PROBLEM REQUIREMENTS. Write out the records that appear below, verbatim and complete, but without pictures.
★ ★ ★ ★
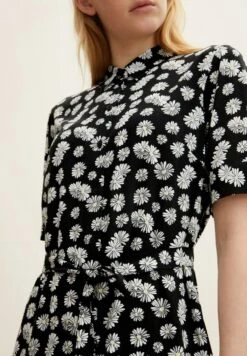TOM TAILOR Denim Midi- Blousejurk - Black Daisy Print -Tom Tailor 3336d97e1c49485aac9bd7733939e9a8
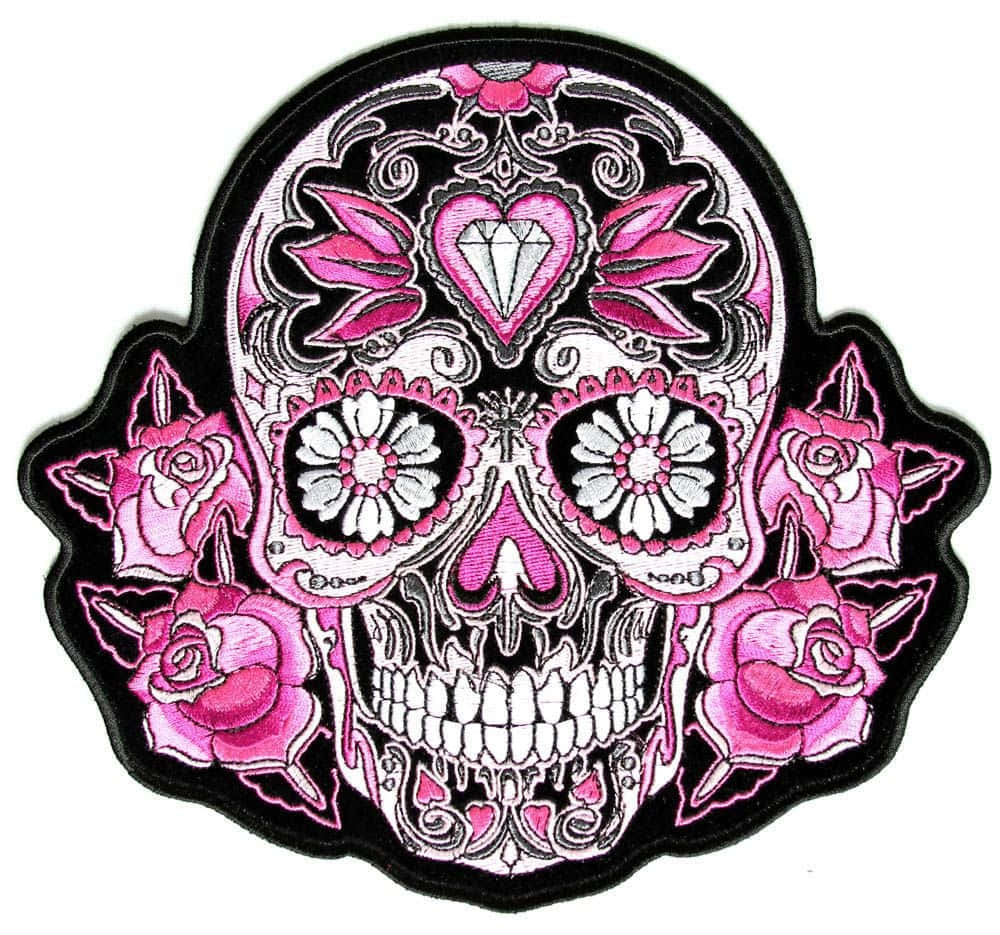 A Spooky Pink Skull Sitting Atop A Black Crown For An Edgy, Unique Look. Background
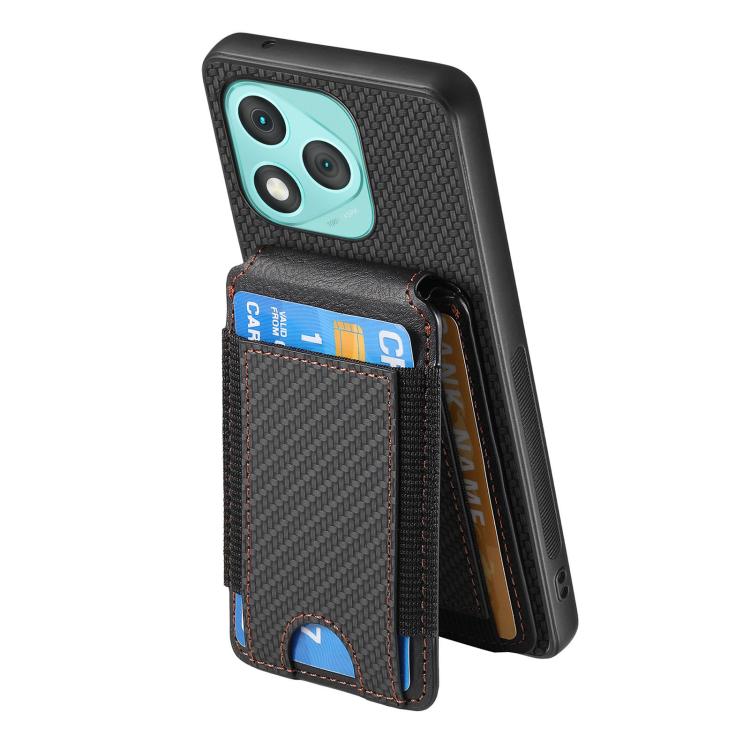 For Honor 400 Lite Global Carbon Fiber Vertical Flip Wallet Stand Phone Case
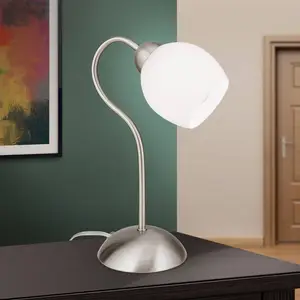 Orion Lampe à poser Doma, nickel satiné, hauteur 30 cm, verre pas cher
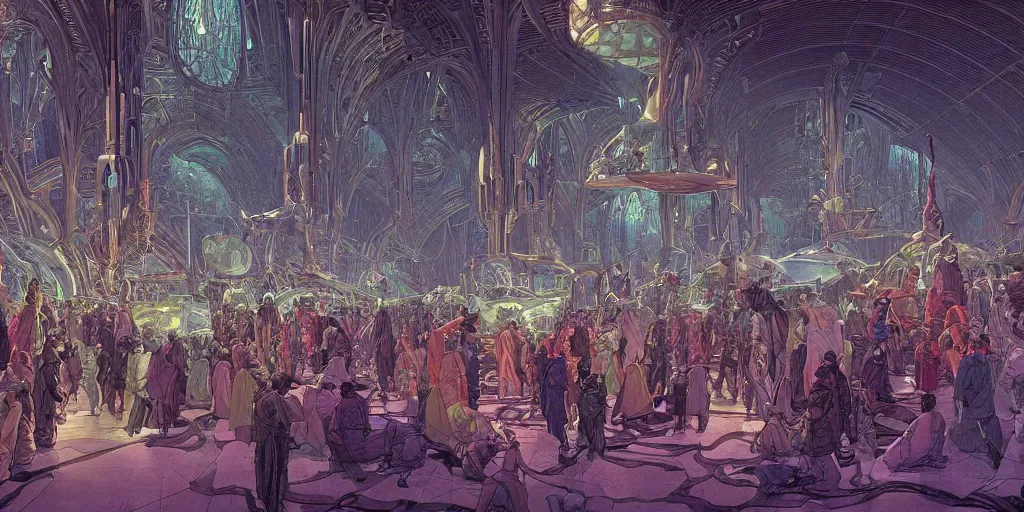 Prompt: a cinematic shot of the interior of a sci - fi space station with ornate elven architecture bustling with people by jean giraud moebius, crystalline, emerald, matte illustration by moebius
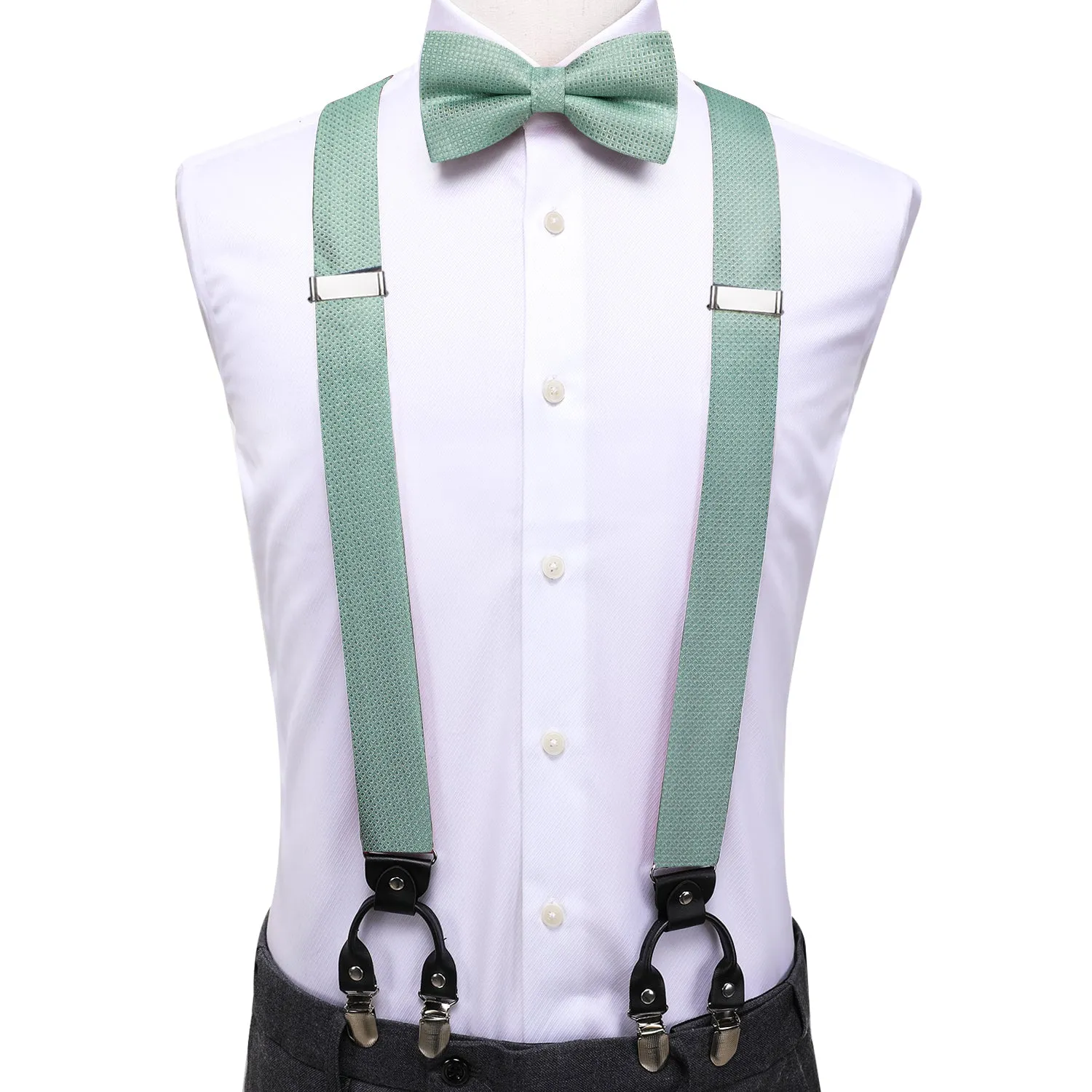 Hi-Tie Mint Green Solid Suspender Bowtie Hanky Cufflinks Set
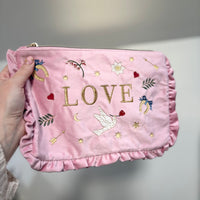 Love Notes Pink Velvet Embroidered Pouch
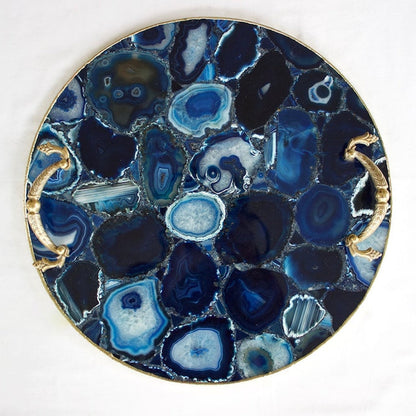 Serving tray cut from blue agate, no two circles alike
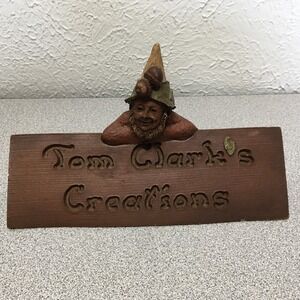 Vintage Tom Clarks Creations Advertising Sign Display Gnome Dealer Plaque 1983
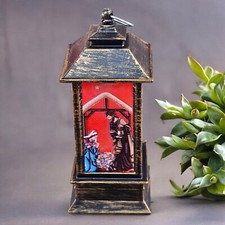 Christian Nativity Scene Storm Lantern Ornament Stained Glass Look LED Light Up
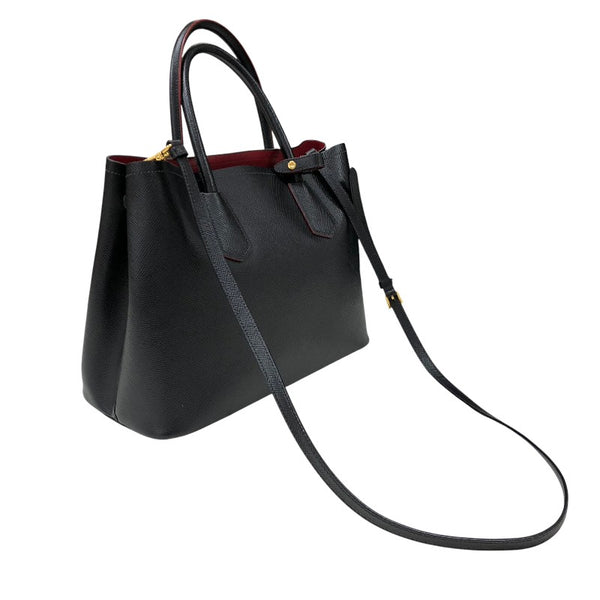 プラダ PRADA ドゥーブレ　サフィアーノ2wayトートバッグ BN2775 ブラック ゴールド金具 レザー レディース ハンドバッグ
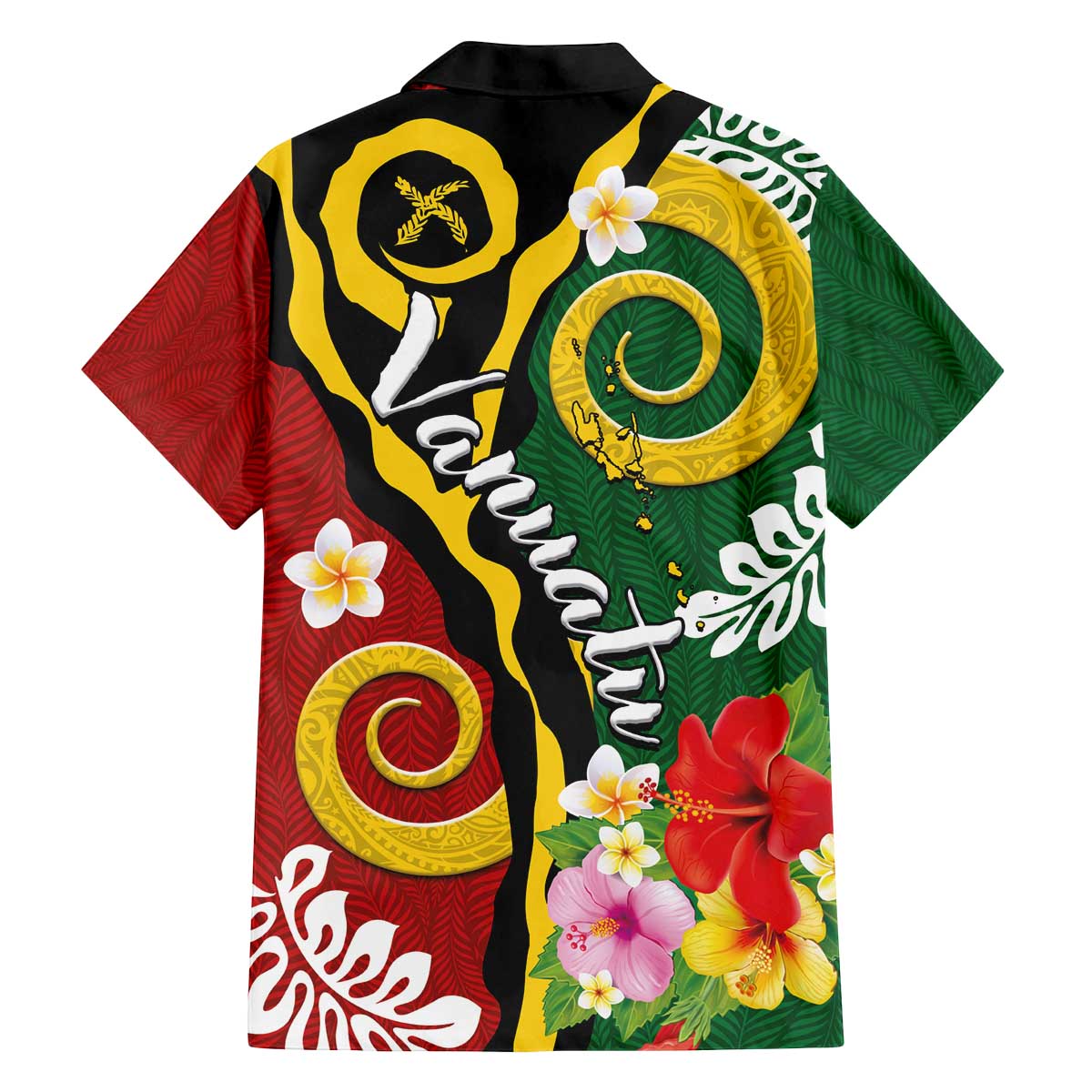 Melanesian Vanuatu Tribal Boar Tusk Family Matching Off The Shoulder Long Sleeve Dress and Hawaiian Shirt Tropical Plants and Namele Motifs LT03 - Polynesian Pride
★ ★ ★ ★
COMPLETED TASK.
TOM TAILOR Denim Midi- Blousejurk - Black Daisy Print -Tom Tailor 3336d97e1c49485aac9bd7733939e9a8
 A Spooky Pink Skull Sitting Atop A Black Crown For An Edgy, Unique Look. Background
 For Honor 400 Lite Global Carbon Fiber Vertical Flip Wallet Stand Phone Case
 Orion Lampe à poser Doma, nickel satiné, hauteur 30 cm, verre pas cher
 Prompt: a cinematic shot of the interior of a sci - fi space station with ornate elven architecture bustling with people by jean giraud moebius, crystalline, emerald, matte illustration by moebius
 Hi-Tie Mint Green Solid Suspender Bowtie Hanky Cufflinks Set
 Love Notes Pink Velvet Embroidered Pouch
 Serving tray cut from blue agate, no two circles alike
 Vintage Tom Clarks Creations Advertising Sign Display Gnome Dealer Plaque 1983
 Christian Nativity Scene Storm Lantern Ornament Stained Glass Look LED Light Up
 プラダ PRADA ドゥーブレ　サフィアーノ2wayトートバッグ BN2775 ブラック ゴールド金具 レザー レディース ハンドバッグ
 Melanesian Vanuatu Tribal Boar Tusk Family Matching Off The Shoulder Long Sleeve Dress and Hawaiian Shirt Tropical Plants and Namele Motifs LT03 - Polynesian Pride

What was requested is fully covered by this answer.